Mapping a Service
Sometimes it can be a challenge to understand how services really work. In 2014 at Ministry of Justice Digital I worked to investigate how through mapping we could better understand services and identify new opportunities.
One of the big challenges we faced was a real gap in understanding about how services actually functioned, along with very little material that helped the organisation make more informed decisions. As a strategic design director I worked across a number of services and teams to lead how we solved this challenge.
Legal processes, service data, technology, staff and customer journeys were used to identify the full service. They were then mapped into easy to read service maps, depicting a process that had never been visualised or completely understood even to the people who use and work with it everyday.
The process began to get a better understanding of 'scope' for the Civil Claims Exemplar, but expanded into all civil justice services. Becoming a fantastic tool for explaining experience, costs, risks and savings opportunities to stakeholders at all levels. I then moved into other services including traffic offences and collaborated with other services across GDS.
If you fancy getting a better idea of the process read my service mapping blog post.
Tell me more
The service maps were created though interviews and workshops with specialists in the courts, policy, police and charities to understand better both the formal and informal procedure that people go through.

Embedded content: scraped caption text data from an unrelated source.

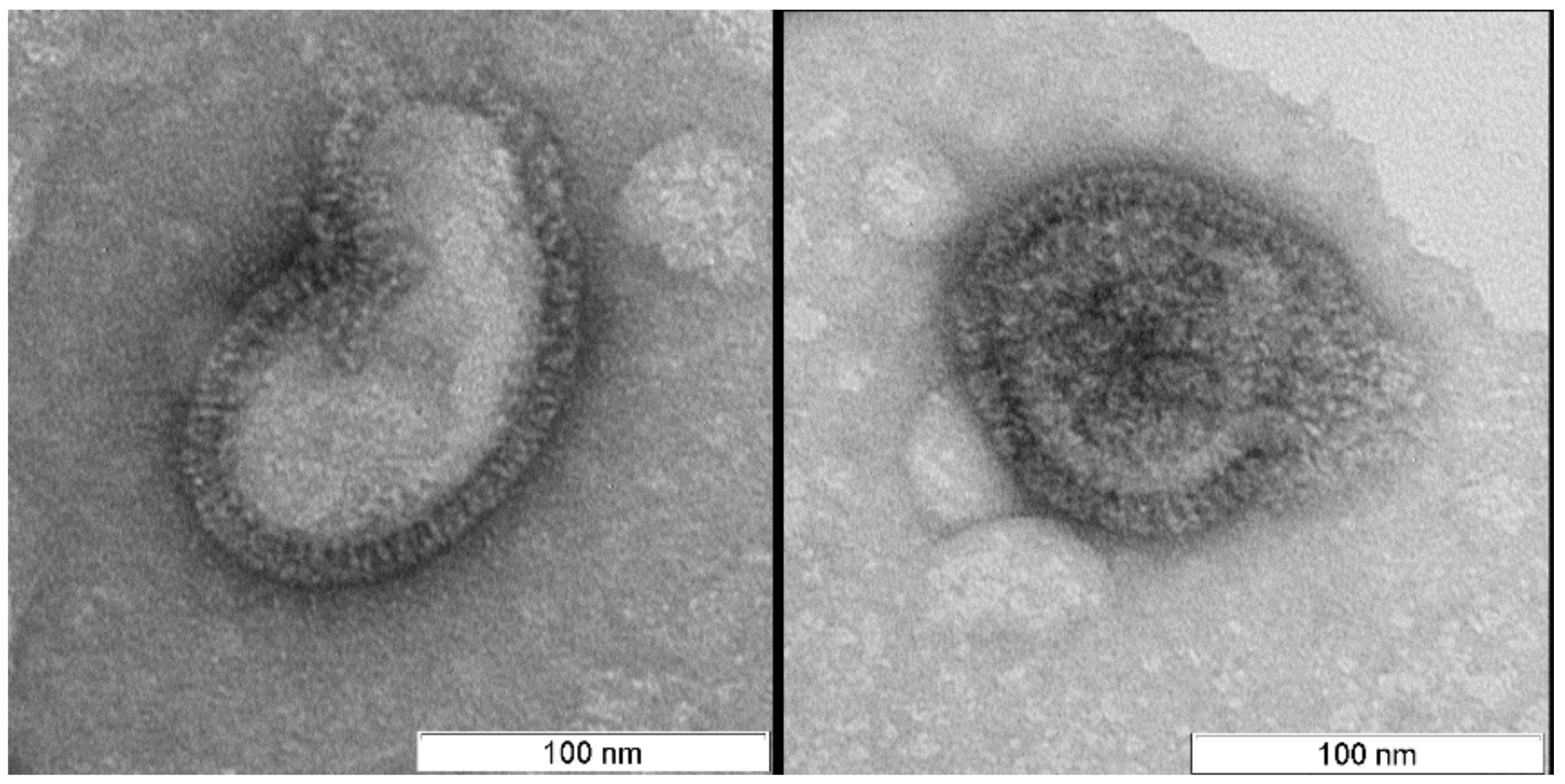 Viruses 11 00955 g002 Viruses 11 00955 g002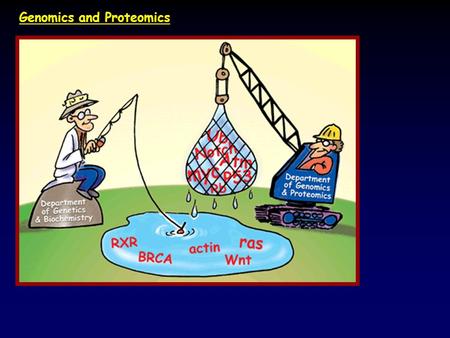 Genomics and Proteomics. DNA sequencing: dideoxy chain termination.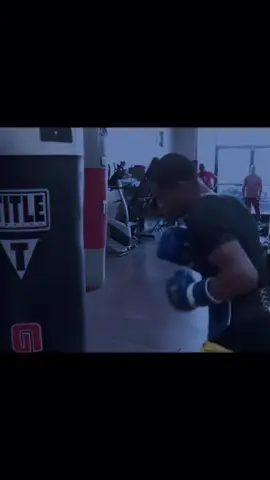 ... #devinhaney #videoviral #boxingedit #fyp #tik_tok 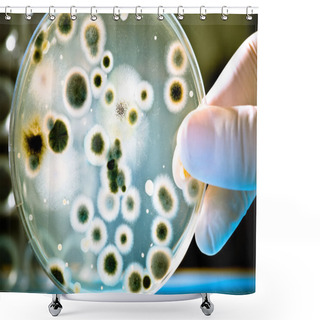 Personality  Petri Dish With Bacteria Culture Shower Curtains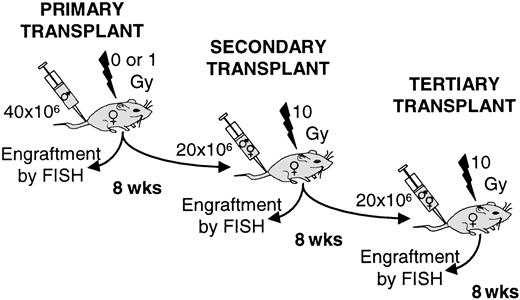 Fig. 3. Schematic representation of sequential transplant experiments. / A total of 40 × 106 male BALB/c bone marrow cells were injected intravenously into 0- or 1 Gy–treated female BALB/c recipients. At 8 weeks, hosts were killed and engraftment evaluated by FISH for Y chromosomes. A secondary transplant was performed using 20 × 106 chimeric bone marrow cells into 10 Gy–treated female BALB/c. In the same way, a tertiary transplant was performed.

They represented how services were at the time rather than a vision for the future. We added user research findings, service data and finally cost to help determine the best choices for our next projects.
A digital mapping tool
One of the challenges I found with the analog mapping process is that someone still has to draw the maps. I wanted to create a way that those doing the research could make a map regardless of their drawing and design capabilities. How could we map many services in a united and user friendly way department wide?
Service mapper was born out of the collaboration with developer James Darling who was tackling the challenge of a tool for mapping systems. We decided that these were interconnected so working together we created a functioning prototype tool that combined both systems and their users.